После этого на долгое время утвердилась точка зрения, что связь между культурой и психологией вовсе отсутствует или, во всяком случае, ее без ущерба для науки можно «вынести за скобки», просто игнорировать, поскольку, как было тогда признано, на функционирование культуры психология прямого влияния не оказывает, равно как и культура на формирование и функционирование человеческой психики, а культурно-психологические процессы являются не более чем фантомом. Согласились с тем, что культурная антропология, психология, социология, социальная психология вполне могут существовать независимо друг от друга, не вникая в дела друг друга, а в своей механической совокупности объяснять все явления культурной и общественной жизни, также как и становление и развитие человеческой личности. Для психологической антропологии, казалось, не оставалось уже собственного исследовательского поля.
Поскольку антропология изучает функционирование культуры, то вопрос, в конечном счете, сводился к формулировке понятия культуры. Антропологи шестидесятых – начала восьмидесятых годов в большинстве своем видели культуру как систему значений (знаков, символов), которые представляют собой сложное и «плотное», как это обозначалось, переплетение. Люди, носители данной культуры, их слова, диалоги, действия и взаимодействия также рассматриваются как значения (знаки, символы). Разумеется, предполагалось, что люди о чем-то думают, как-то реагируют на внешний мир, но это не признавалось явлениями, непосредственно связанными с культурой, – для понимания культуры, считалось, вполне достаточно знать об эксплицитных человеческих проявлениях, их видимых поступках и высказываниях, которые и подлежали антропологической интерпретации (Geertz 1984). То, что при этом люди думают, ощущают, какие эмоциональные состояния переживают, что скрывают, о чем умалчивают и почему, что подразумевают, что осознают, а что остается неосознанным, какова истинная мотивация поведения людей – все это считалось предметом психологии, который не должен интересовать антропологов. Этот подход (получивший название «символическая антропология») был очевидно ограниченным, однако внутренне непротиворечивым. Его невозможно было просто отвергнуть, его необходимо было преодолеть. Отсюда и первый вопрос, стоящий перед психологической антропологией: доказать неразрывную взаимозависимость культуры и психологии.

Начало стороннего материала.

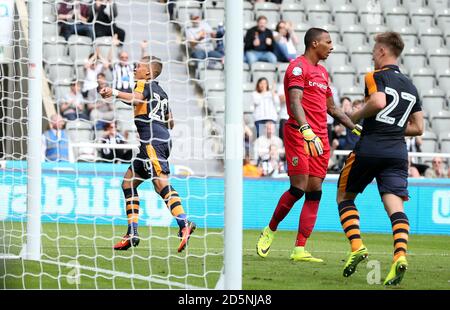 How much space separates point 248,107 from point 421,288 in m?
9.40

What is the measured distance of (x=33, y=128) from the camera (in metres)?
9.88

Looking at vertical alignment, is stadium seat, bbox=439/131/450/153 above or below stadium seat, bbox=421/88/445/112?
below

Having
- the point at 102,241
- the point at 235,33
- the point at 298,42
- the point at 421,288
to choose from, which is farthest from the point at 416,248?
the point at 298,42

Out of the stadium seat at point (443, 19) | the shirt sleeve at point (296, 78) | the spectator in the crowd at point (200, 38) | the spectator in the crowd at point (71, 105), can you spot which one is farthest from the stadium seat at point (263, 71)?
the shirt sleeve at point (296, 78)

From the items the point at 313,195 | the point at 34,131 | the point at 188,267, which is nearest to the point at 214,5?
the point at 313,195

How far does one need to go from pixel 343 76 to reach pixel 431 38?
2.60m

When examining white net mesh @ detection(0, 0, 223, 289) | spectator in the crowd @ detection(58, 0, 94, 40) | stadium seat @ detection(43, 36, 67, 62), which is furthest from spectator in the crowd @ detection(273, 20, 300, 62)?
stadium seat @ detection(43, 36, 67, 62)

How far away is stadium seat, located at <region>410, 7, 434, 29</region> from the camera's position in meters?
21.3

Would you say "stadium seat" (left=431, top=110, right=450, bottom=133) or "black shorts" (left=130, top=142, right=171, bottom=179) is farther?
"stadium seat" (left=431, top=110, right=450, bottom=133)

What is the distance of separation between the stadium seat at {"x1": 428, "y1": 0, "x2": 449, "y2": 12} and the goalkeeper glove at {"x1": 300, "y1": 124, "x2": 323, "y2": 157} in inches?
518

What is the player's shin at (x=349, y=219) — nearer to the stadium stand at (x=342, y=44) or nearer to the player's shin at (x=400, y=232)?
the player's shin at (x=400, y=232)

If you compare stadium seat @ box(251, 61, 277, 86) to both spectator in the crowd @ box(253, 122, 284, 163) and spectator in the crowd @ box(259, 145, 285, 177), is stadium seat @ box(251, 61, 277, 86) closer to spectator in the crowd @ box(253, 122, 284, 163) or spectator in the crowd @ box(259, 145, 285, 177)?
spectator in the crowd @ box(253, 122, 284, 163)

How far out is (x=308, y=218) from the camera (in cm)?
1013

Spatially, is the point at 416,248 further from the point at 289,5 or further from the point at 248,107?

Начиная с восьмидесятых - девяностых годов была предпринята целая серия попыток (более или менее удачных) доказать существование такой взаимосвязи. Как без этого, если “барьер между культурой и психологией, который Гирц считал необходимым, является серьезным препятствием для понимания культурных процессов” (Ewing 1992: 265)? А потому “некоторые прежние теоретические подходы следует использовать вновь” (Barrett 1984: 4). И прежде всего это относится к подходам психологическим. Встает вопрос о том, как “примирить (а) взгляд на культуру, в котором культурная схема, с одной стороны, руководит человеческой активностью, с другой, проистекает из этой активности, и (б) конструктивистские подходы в психологии, которые предполагают частичное проникновение в процессы и формы, составляющие подоплеку ментальных представлений” (Shore 1991: 10). Вновь начинает обсуждаться проблематика, которая была поставлена несколько десятилетий назад школой “Культура и Личность”, ведь “культура всегда определялась в конечном счете в ментальных представлениях и в связанных с ними ценностях. Проблема в том, чтобы разработать адекватную концепцию отношения между индивидуальными феноменами и коллективно организованным окружением” (Harkness 1992: 118). Однако “возвращение к психологической антропологии происходило очень медленно” (Skinner 1985: 5), а интерес к глобальному анализу связи культурного и психологического «в личности сменился исследованием конкретных психокультурных процессов и стратегий адаптации” (White, Lutz 1992: 4).
Психологическая антропология идет своим путем. Но попытаемся и мы порассуждать о взаимосвязи культурного с психологическим. Начнем с того, что бесспорно: именно человек придает предметам значения и эти предметы, таким образом, отражаются в психике человека, сделавшись ее ментальными значениями. Чтобы не путаться в терминологии, Рой Д’Андрад предложил называть ментальные значения «значимыми системами», а соответствующие им элементы внешней по отношению к человеку реальности (и материальной, и идеальной) – «символами» (D’Andrade 1992а). Теперь, если мы рассмотрим любой компонент культуры как артефакт – он будет выступать одновременно и «символом», и «значимой системой».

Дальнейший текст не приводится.